Task prompt >>
Write out the data that follows exactly, keeping every picture out.
[Opening Dataset content section]
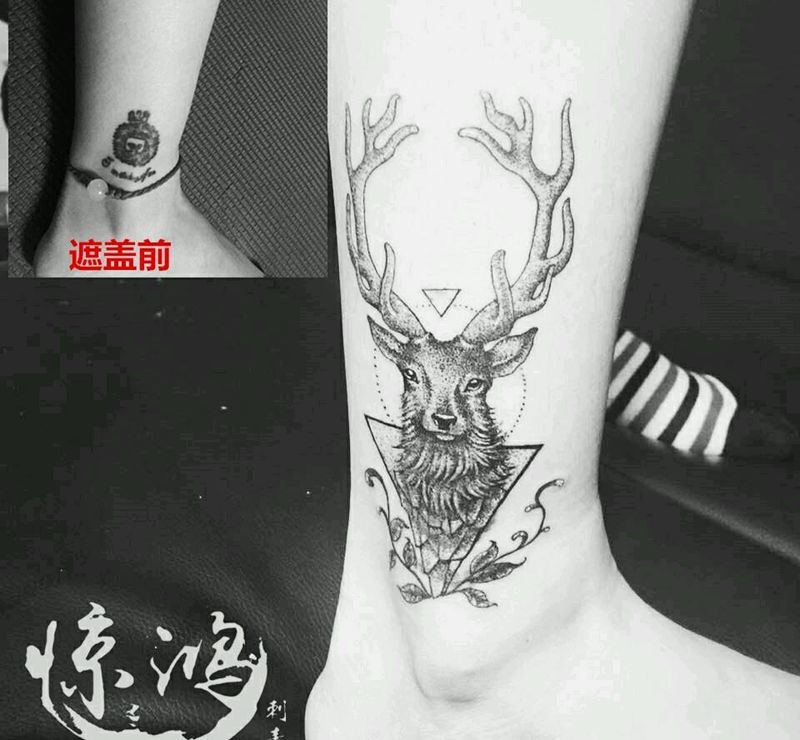 遮盖旧纹身纹身图片_腿部清新动物成品纹身图案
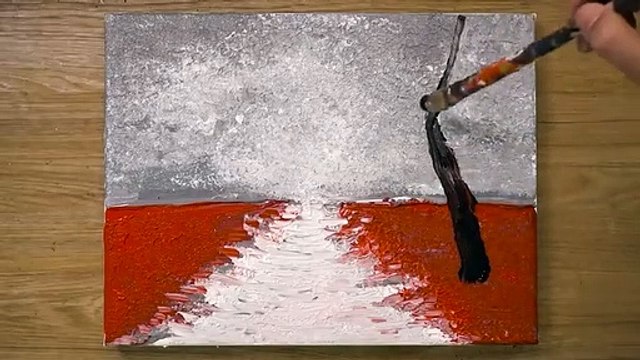 Red Acrylic Painting Technique Walking In The Rain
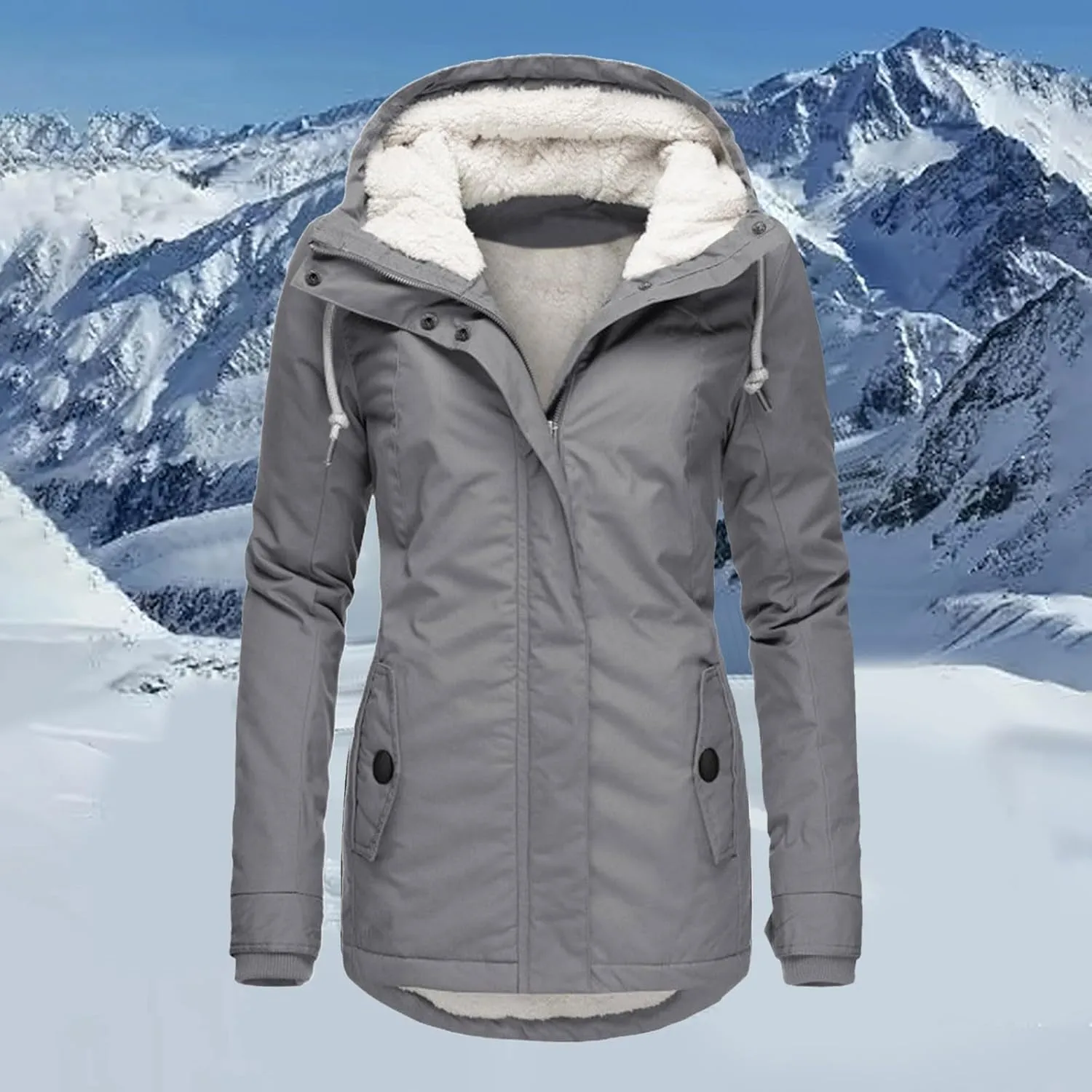 Womens Winter Hooded Pockets Zipper Long Fleece Coat Comfort Warm Fitted Outwear Thicken Daily Home Outdoor Overcoat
[Closing Dataset content section]
Response below >>
 遮盖旧纹身纹身图片_腿部清新动物成品纹身图案
 Red Acrylic Painting Technique Walking In The Rain
 Womens Winter Hooded Pockets Zipper Long Fleece Coat Comfort Warm Fitted Outwear Thicken Daily Home Outdoor Overcoat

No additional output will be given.